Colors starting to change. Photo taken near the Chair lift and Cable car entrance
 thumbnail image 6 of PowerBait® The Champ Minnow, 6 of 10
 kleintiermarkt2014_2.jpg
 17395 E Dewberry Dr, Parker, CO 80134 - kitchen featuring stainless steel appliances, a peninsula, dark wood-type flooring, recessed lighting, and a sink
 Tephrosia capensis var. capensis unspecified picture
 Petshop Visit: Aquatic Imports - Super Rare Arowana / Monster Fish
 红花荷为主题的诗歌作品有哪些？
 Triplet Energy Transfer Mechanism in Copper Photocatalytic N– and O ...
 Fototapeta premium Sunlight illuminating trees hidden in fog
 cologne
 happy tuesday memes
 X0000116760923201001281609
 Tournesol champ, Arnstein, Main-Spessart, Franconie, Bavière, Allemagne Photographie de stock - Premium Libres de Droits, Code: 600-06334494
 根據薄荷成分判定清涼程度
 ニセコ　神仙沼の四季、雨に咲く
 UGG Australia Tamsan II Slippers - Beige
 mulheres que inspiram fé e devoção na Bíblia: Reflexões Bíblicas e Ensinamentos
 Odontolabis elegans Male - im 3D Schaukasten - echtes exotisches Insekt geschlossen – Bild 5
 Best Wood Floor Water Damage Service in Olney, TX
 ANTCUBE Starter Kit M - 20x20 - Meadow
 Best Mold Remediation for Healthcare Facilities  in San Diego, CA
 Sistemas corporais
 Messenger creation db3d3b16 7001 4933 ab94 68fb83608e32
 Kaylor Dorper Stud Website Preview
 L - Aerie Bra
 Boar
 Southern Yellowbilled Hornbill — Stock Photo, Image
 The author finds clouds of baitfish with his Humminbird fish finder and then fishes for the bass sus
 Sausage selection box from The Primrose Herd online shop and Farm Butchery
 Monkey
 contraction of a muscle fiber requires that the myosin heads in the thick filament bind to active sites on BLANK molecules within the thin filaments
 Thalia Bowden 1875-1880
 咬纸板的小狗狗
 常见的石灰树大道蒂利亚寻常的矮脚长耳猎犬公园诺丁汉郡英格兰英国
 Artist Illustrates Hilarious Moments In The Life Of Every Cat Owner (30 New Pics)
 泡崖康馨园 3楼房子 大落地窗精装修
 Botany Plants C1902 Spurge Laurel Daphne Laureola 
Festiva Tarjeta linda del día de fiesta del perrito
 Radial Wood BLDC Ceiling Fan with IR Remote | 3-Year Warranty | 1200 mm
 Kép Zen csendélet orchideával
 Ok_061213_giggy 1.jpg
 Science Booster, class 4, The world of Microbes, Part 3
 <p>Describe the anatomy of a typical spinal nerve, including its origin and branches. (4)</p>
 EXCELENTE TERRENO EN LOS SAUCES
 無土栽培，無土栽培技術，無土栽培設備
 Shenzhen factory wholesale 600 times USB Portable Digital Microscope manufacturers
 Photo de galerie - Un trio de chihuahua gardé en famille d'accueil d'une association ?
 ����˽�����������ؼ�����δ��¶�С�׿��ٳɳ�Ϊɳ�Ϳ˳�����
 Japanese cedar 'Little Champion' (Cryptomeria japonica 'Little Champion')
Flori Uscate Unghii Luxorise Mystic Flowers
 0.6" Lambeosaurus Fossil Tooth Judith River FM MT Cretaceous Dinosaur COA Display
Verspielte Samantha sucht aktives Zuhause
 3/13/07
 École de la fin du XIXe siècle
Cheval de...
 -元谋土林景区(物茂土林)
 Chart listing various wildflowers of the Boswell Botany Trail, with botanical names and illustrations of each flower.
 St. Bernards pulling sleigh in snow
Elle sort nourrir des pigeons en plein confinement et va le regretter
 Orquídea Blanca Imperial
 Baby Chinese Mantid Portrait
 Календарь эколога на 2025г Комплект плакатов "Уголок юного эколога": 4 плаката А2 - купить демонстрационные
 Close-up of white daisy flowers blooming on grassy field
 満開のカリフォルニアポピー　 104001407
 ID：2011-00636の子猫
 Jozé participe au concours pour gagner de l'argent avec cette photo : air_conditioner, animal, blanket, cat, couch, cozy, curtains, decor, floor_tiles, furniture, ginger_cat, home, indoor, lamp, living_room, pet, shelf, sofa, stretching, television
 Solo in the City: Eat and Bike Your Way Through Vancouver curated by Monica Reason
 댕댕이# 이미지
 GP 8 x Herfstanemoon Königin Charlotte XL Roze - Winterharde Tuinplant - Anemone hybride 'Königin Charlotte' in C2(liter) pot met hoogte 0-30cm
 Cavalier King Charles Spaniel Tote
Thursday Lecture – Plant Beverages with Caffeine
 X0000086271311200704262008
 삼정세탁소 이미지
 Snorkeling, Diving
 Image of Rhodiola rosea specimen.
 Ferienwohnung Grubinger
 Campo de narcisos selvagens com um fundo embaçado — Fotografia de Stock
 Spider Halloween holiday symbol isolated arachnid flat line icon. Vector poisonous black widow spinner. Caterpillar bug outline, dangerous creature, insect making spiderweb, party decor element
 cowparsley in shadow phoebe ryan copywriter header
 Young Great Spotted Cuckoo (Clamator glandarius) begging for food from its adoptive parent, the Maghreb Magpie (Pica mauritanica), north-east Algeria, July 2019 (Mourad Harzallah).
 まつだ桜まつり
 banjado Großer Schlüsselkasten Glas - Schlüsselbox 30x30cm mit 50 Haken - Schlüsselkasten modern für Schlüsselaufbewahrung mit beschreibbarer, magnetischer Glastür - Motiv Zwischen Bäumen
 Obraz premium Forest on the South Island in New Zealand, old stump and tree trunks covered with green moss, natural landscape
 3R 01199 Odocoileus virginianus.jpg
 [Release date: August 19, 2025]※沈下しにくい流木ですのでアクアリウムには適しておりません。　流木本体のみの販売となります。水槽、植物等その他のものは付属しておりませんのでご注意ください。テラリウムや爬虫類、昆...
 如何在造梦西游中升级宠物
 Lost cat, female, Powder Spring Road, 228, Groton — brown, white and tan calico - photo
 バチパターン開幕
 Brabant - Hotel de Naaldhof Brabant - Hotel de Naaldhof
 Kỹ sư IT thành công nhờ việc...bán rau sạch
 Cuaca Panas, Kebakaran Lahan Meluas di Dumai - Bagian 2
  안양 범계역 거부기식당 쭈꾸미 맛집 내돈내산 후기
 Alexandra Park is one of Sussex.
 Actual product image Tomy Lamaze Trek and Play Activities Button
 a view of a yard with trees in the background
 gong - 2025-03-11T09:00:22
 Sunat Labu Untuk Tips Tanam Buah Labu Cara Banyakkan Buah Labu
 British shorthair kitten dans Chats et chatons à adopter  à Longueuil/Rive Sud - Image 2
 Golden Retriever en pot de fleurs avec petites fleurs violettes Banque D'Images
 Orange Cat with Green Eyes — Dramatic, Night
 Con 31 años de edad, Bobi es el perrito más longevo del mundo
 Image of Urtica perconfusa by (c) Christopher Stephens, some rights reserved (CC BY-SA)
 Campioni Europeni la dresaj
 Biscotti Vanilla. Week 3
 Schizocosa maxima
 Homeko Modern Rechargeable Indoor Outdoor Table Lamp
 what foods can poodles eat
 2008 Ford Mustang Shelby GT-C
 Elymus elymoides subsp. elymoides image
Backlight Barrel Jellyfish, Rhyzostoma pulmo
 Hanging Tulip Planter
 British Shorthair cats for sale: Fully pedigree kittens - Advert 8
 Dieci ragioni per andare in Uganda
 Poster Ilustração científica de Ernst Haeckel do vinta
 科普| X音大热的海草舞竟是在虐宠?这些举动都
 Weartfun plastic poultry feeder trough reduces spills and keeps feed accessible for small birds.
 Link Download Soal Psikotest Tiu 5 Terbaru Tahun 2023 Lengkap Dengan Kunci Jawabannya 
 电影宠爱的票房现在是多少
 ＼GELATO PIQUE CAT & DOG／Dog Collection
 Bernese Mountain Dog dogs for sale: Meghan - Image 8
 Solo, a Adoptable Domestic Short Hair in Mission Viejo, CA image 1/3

+-------+

*YOUR INSTRUCTIONS*.
Your answer should be the exact lines above from the one with "Obraz premium Forest" through the one with "Backlight Barrel Jellyfish, Rhyzostoma pulmo", both included, and nothing besides.

*EXERCISE SOLUTION*.
 Obraz premium Forest on the South Island in New Zealand, old stump and tree trunks covered with green moss, natural landscape
 3R 01199 Odocoileus virginianus.jpg
 [Release date: August 19, 2025]※沈下しにくい流木ですのでアクアリウムには適しておりません。　流木本体のみの販売となります。水槽、植物等その他のものは付属しておりませんのでご注意ください。テラリウムや爬虫類、昆...
 如何在造梦西游中升级宠物
 Lost cat, female, Powder Spring Road, 228, Groton — brown, white and tan calico - photo
 バチパターン開幕
 Brabant - Hotel de Naaldhof Brabant - Hotel de Naaldhof
 Kỹ sư IT thành công nhờ việc...bán rau sạch
 Cuaca Panas, Kebakaran Lahan Meluas di Dumai - Bagian 2
  안양 범계역 거부기식당 쭈꾸미 맛집 내돈내산 후기
 Alexandra Park is one of Sussex.
 Actual product image Tomy Lamaze Trek and Play Activities Button
 a view of a yard with trees in the background
 gong - 2025-03-11T09:00:22
 Sunat Labu Untuk Tips Tanam Buah Labu Cara Banyakkan Buah Labu
 British shorthair kitten dans Chats et chatons à adopter  à Longueuil/Rive Sud - Image 2
 Golden Retriever en pot de fleurs avec petites fleurs violettes Banque D'Images
 Orange Cat with Green Eyes — Dramatic, Night
 Con 31 años de edad, Bobi es el perrito más longevo del mundo
 Image of Urtica perconfusa by (c) Christopher Stephens, some rights reserved (CC BY-SA)
 Campioni Europeni la dresaj
 Biscotti Vanilla. Week 3
 Schizocosa maxima
 Homeko Modern Rechargeable Indoor Outdoor Table Lamp
 what foods can poodles eat
 2008 Ford Mustang Shelby GT-C
 Elymus elymoides subsp. elymoides image
Backlight Barrel Jellyfish, Rhyzostoma pulmo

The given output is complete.